My husband received a new computer for his work and the second monitor moved downstairs into his office. That is fine with me, I have less time to spend on the computer anyway with two little children. Virtually all of my time on the computer is in the morning while the children are asleep anyway. Helen has watched the Baby Signing Time videos, but not nearly as extensively as her older brother.She has thrived anyway. Peter has demonstrated that he has not forgotten his former education. I have been surprised at the signs he has shown Helen more than a year after he stopped using the signs himself. He is an eager tutor for his sister, and it has been a beautiful thing to see. My husband and I have also tried to model sign language whenever we can. Now I have learned enough sign language to feel confident in teaching her, whereas with Peter I was more hesitant. I had to look things up more often for him, and I am sure that some valuable teaching moments were lost that way. Not so with Helen. Very often she has pointed to something and I have actually been prepared to tell her and show her the sign for the item of interest. I am very grateful that I was prepared in that manner.
She is now 15 months old and her signing vocabulary is about 30 words. Her vocal vocabulary, like Peter, has been slow in the coming. She says “Momma”, “Dad”, and “nana” for banana. The point is, she is communicating, and because my husband and I, and even Peter, understand her, let her speech come when she is ready. I think I know how Rachel Coleman must feel, because it was really tricky getting her on video. Below is a sampling of her vocabulary:

Tips for Speech development

In closing, I wish to say that teaching American Sign Language to our children has been very rewarding. It contributed much to my son’s clear speech that he has today. There are other things we did that played an important role as well, and I wish to share a few of them.

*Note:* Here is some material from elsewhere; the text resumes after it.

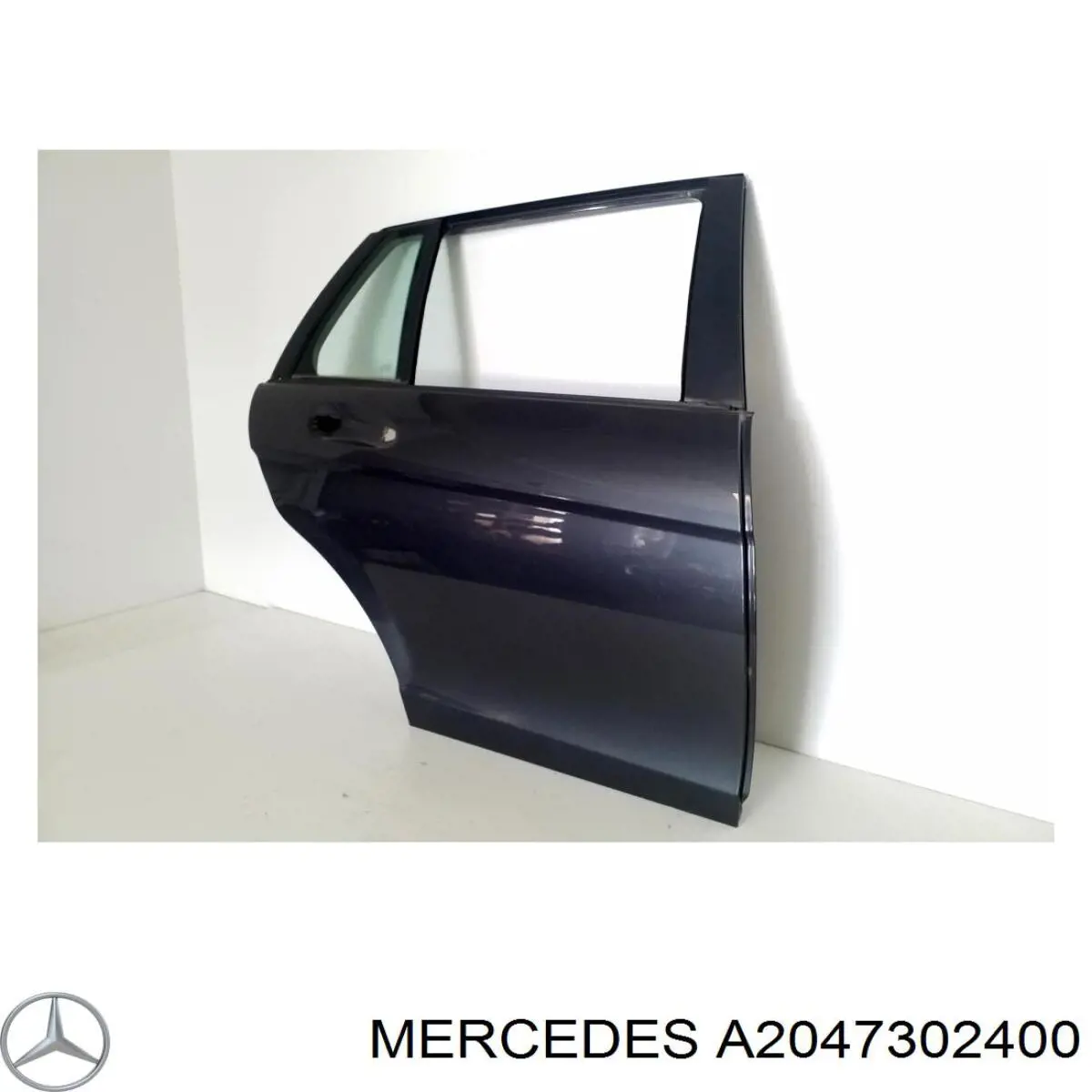 Купити A2047302400 Mercedes Двері задні, праві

  • No Baby Talk! I go so far as to re-phrase the baby-talk others give to my children. Perhaps a bit forward, but it is that important to me. By this I don’t mean the higher pitched sweet talk that tells the baby you are talking to them. I am referring to sentences like “Baby wanna sippy?” And then they wonder when their child says “Me want sippy!” Okay, I’m getting off my soap-box now…
  • Speak clearly to your children. People often comment on my son’s clear diction, and I know that much of it came from the clear diction he has heard at home. For example, his name is “Peter”, and I (almost!) never call him “Peder”. Speak in complete sentences. Avoid contractions, especially the improper ones like “wanna” and “gonna”.
  • Talk a lot about the things that interest your children, and point to the new vocabulary items as you talk about them. “Yes, the water is dripping from the faucet. See the water dripping? Drip! Drip! Drip! This is a faucet. Do you see the water dripping out? Look at the water collecting at the bottom! This is water. Water! Yes, the water is dripping from the faucet.”
  • Read to your children! Read a lot! Go to the library and check out lots of books. Keep your own library handy so that they can have easy access to lots of books.
  • Answer their questions as completely as you can, whenever you can. YouTube has been an ally in this endeavor. When my son shows an interest in something, for example, a tow truck, I talk about it and tell him what I know, but often I will later follow-up with a video showing a tow truck in action. I love technology!

Good luck communicating with your child! I hope that sign language can help you as much as it has our family.